What you need to do: Pictures in the records below must be left out. Return exactly the lines from the line with "This modern Turquoise Cross" to the line with "Due to the nature", both included.

Records supplied:
== Segment start ==

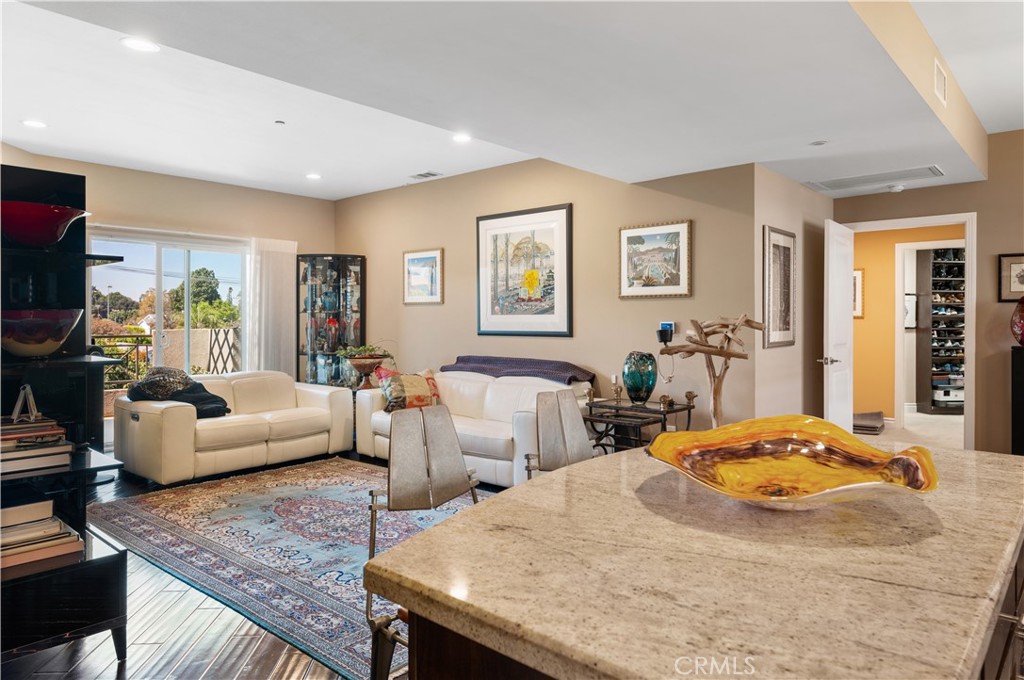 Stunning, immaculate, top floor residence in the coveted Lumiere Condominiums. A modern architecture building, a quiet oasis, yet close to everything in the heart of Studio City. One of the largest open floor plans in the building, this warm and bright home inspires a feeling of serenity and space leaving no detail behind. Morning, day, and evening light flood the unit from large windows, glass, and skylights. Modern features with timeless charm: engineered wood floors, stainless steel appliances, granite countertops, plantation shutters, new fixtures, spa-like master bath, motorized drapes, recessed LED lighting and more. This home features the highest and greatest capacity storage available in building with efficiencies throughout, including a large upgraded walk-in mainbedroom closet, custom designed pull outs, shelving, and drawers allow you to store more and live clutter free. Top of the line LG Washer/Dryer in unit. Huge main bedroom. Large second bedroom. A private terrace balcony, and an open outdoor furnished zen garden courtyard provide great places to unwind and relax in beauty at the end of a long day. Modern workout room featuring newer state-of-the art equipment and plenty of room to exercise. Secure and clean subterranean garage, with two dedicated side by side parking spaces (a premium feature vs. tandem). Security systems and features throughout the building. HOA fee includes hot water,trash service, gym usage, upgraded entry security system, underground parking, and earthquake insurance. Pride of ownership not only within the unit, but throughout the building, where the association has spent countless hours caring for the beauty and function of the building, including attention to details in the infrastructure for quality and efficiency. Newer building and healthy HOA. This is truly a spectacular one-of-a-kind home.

== Segment end ==
== Segment start ==

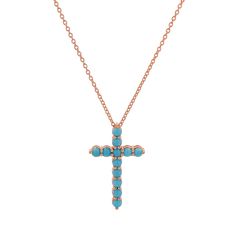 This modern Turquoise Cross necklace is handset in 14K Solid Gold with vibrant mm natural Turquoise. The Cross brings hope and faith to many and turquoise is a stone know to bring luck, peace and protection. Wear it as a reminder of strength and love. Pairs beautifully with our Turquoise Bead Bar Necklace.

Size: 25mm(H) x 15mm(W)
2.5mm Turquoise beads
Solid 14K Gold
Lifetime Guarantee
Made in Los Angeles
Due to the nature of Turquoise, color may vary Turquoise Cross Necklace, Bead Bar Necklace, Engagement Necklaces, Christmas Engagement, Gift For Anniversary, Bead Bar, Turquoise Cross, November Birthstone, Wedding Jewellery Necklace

== Segment end ==

Result of this task:
 This modern Turquoise Cross necklace is handset in 14K Solid Gold with vibrant mm natural Turquoise. The Cross brings hope and faith to many and turquoise is a stone know to bring luck, peace and protection. Wear it as a reminder of strength and love. Pairs beautifully with our Turquoise Bead Bar Necklace.

Size: 25mm(H) x 15mm(W)
2.5mm Turquoise beads
Solid 14K Gold
Lifetime Guarantee
Made in Los Angeles
Due to the nature of Turquoise, color may vary Turquoise Cross Necklace, Bead Bar Necklace, Engagement Necklaces, Christmas Engagement, Gift For Anniversary, Bead Bar, Turquoise Cross, November Birthstone, Wedding Jewellery Necklace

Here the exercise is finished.